QUOTES FOR SOCIAL SHARING
“The first step is visibility — each spouse knowing exactly how much the other person makes, what their obligations are, what their goals and aspirations are. I think a lot of times couples don’t really go that deep or talk to each other about, ‘this is what I’m hoping to achieve with my career, this is what I’m hoping to achieve from a lifestyle standpoint, these are the obligations I have to my family of origin.’”
“Take everything people offer you [for kids], even if you think you’re not going to need it. Just take it, say thank you, wait until your baby comes, and if you don’t need the item, then you can donate it. But don’t turn down anything that you’re offered, because that is literally money.”
“It starts off as daycare. Then it’s swimming classes, it’s karate, it’s soccer lessons, it’s all of these things. Obviously we all want to give the best to our kids. That’s what I always plan for clients, even before they have children, even before they buy a home — if you’re a couple and you anticipate having children, before you add in any long-term expenses, add the cost of maintaining a child.”
“If you don’t plan, the bill is still going to come.”
“The earlier you start, the easier it will be to afford putting that amount of money away.”

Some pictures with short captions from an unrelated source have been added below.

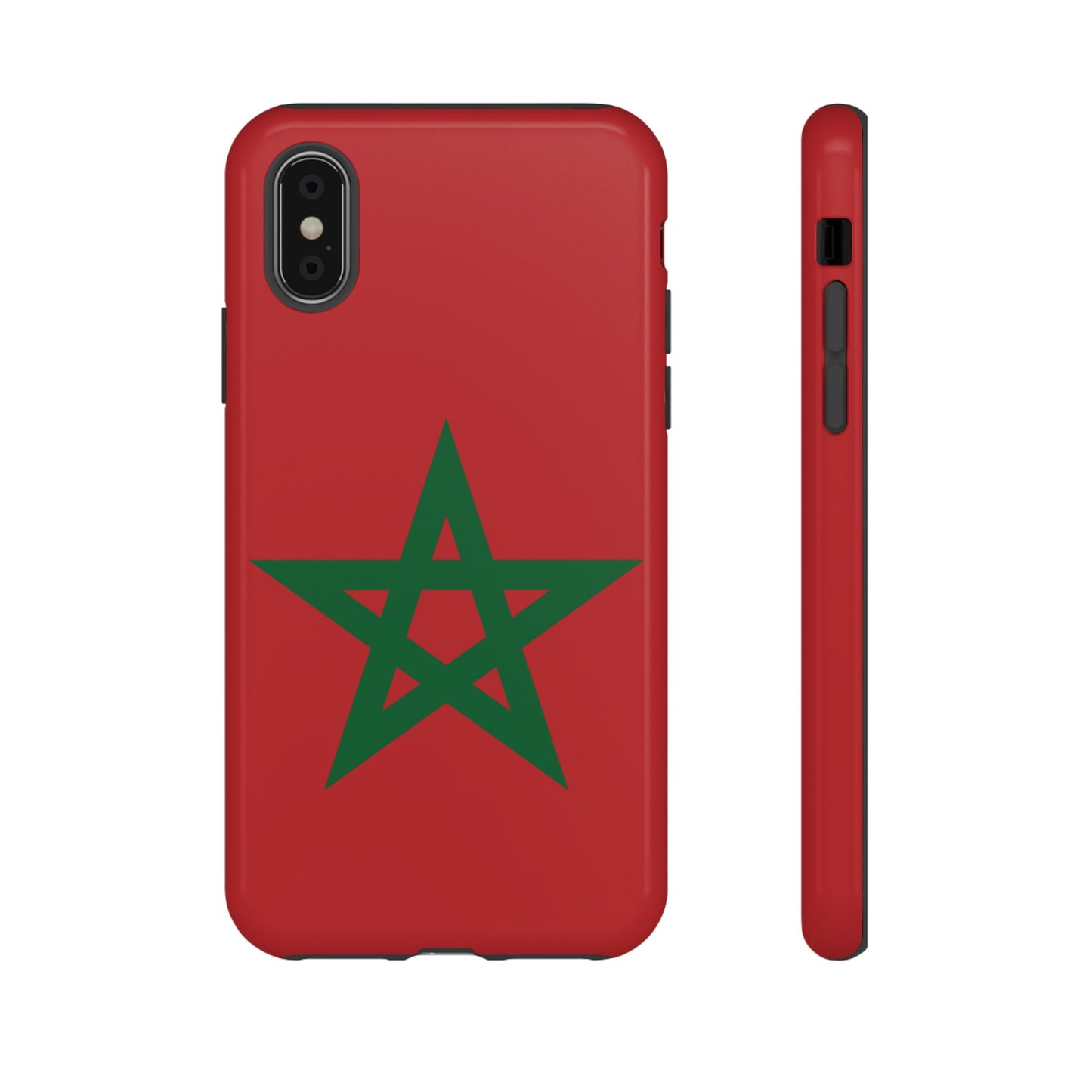 Morocco Flag Phone Case | iPhone 15 Plus/ Pro, 14, 13, 12| Google Pixel 7, Pro, 5| Samsung Galaxy S23 All Major Phone Models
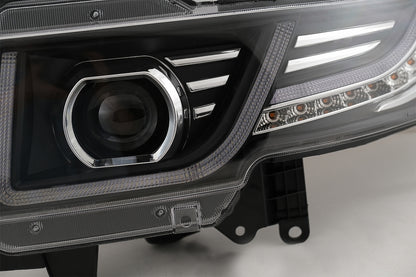 Griglia anteriore+fari LED Bi-Xenon Look adatta per Toyota FJ Cruiser XJ10 07-15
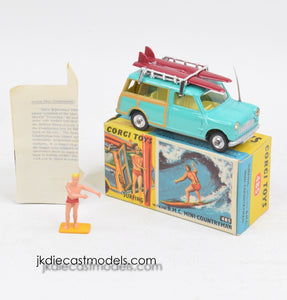 Corgi Toys 485 Surfing with B.M.C Virtually Mint/Boxed 'Avonmore Collection'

“You don’t want to sacrifice your own retirement planning and saving to fund college for your kids. Look, there are no loans for retirement. No one will lend you money to live in retirement. As a last resort, your children can always get student loans. Make sure that you’re putting in the big rock first, and for you, that’s making sure that you’re saving enough for retirement. It is in fact a gift for your kids if they don’t have to support you in retirement.”